Femicidio de Ana Calfín: las pruebas por las que la Justicia rechazó el "accidente" y ratificó la perpetua

La Cámara Penal de Esquel confirmó la condena y explicó por qué descartó la versión de una muerte accidental. Pesaron pericias, testimonios y el contexto de violencia de género.


La Cámara en lo Penal de Esquel confirmó la prisión perpetua para Miguel Alejandro Vargas Nehuén por el femicidio de Ana Alicia Calfín y, en el mismo fallo, dejó expuestas las razones por las que rechazó la teoría de un supuesto accidente doméstico planteada por la defensa.

La hipótesis defensiva sostenía que la víctima se habría prendido fuego accidentalmente al intentar avivar una estufa con nafta. Incluso buscaron respaldarse en manifestaciones iniciales de Calfín en el hospital, cuando en estado crítico llegó a responsabilizarse por lo ocurrido.

Pero para la Cámara esa versión quedó completamente derrumbada frente a las pruebas reunidas durante el juicio.

Entre los elementos clave que valoraron los jueces estuvieron las pericias ígneas y médicas, que contradijeron la posibilidad de un accidente; las declaraciones del personal de salud que asistió a la víctima; y los indicios recolectados por la Fiscalía que permitieron reconstruir un escenario de agresión.

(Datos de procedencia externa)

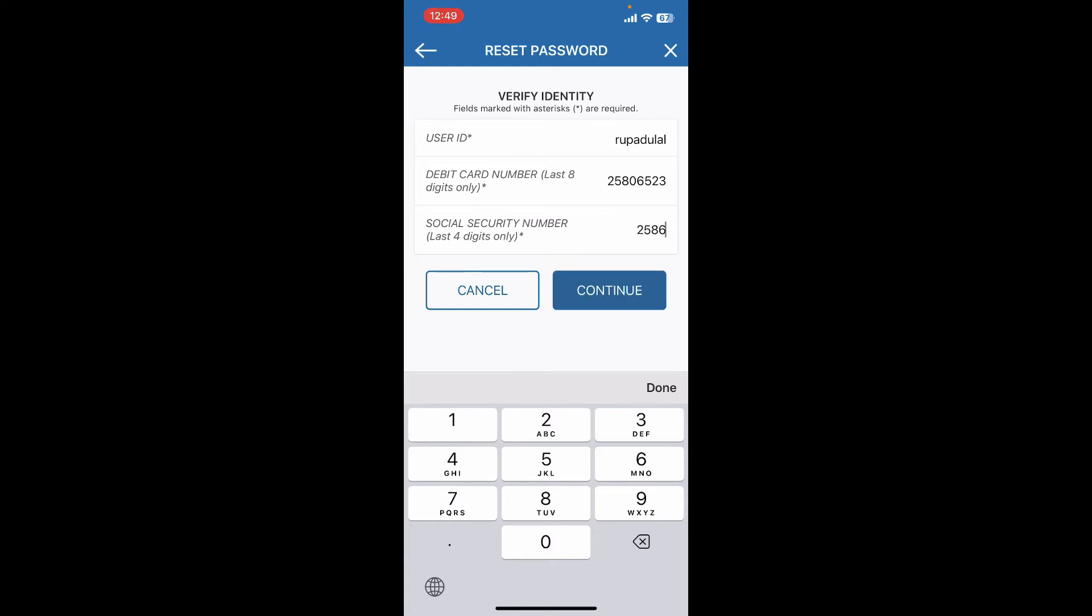After you're done, tap on the Continue button. On the next page, you'll get to choose a new password for your PNC mobile banking account. Simply enter the new password and you should be able to reset to a new password.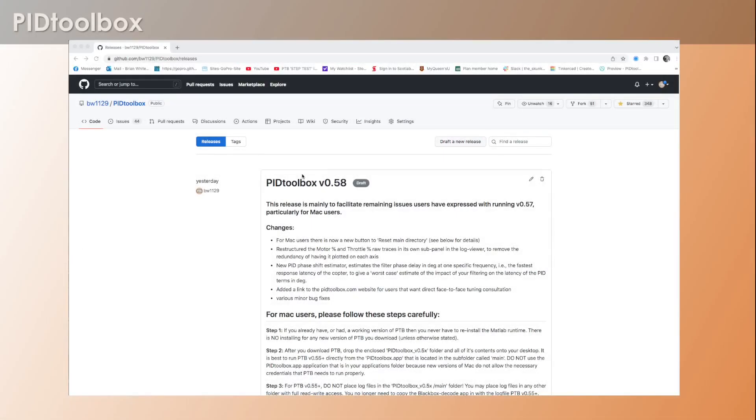Alright, so PID Toolbox version 0.58 is released and I'm going to show you how to download it and get it running.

También pesaron fotografías extraídas del celular de la víctima que mostraban una escena de violencia minutos antes del ataque: muebles tirados y vidrios rotos, incompatible -según los magistrados- con la versión de una tarde "normal" sostenida por el acusado.

Otro aspecto central fue el análisis del contexto de violencia de género. El tribunal entendió que las primeras expresiones de la víctima intentando desligar a Vargas Nehuén no podían interpretarse aisladas, sino en el marco de una relación atravesada por miedo, sometimiento y protección hacia el agresor.

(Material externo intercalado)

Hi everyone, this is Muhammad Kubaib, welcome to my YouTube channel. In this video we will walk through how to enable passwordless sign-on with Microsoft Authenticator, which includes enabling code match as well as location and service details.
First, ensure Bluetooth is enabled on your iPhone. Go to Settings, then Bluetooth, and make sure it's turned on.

Incluso valoraron especialmente una frase de Ana Calfín que impactó en el juicio: "Me voy a morir como mi mamá", en referencia a que su madre también había sido víctima de femicidio.

Con esos elementos, los jueces consideraron que el veredicto del jurado popular fue razonable y fundado, y rechazaron también el intento de recalificar el caso como homicidio preterintencional.

El fallo ratificó así la condena a prisión perpetua, dejó firme la responsabilidad penal de Vargas Nehuén y envió la causa al Superior Tribunal de Justicia para la revisión prevista para penas de máxima gravedad.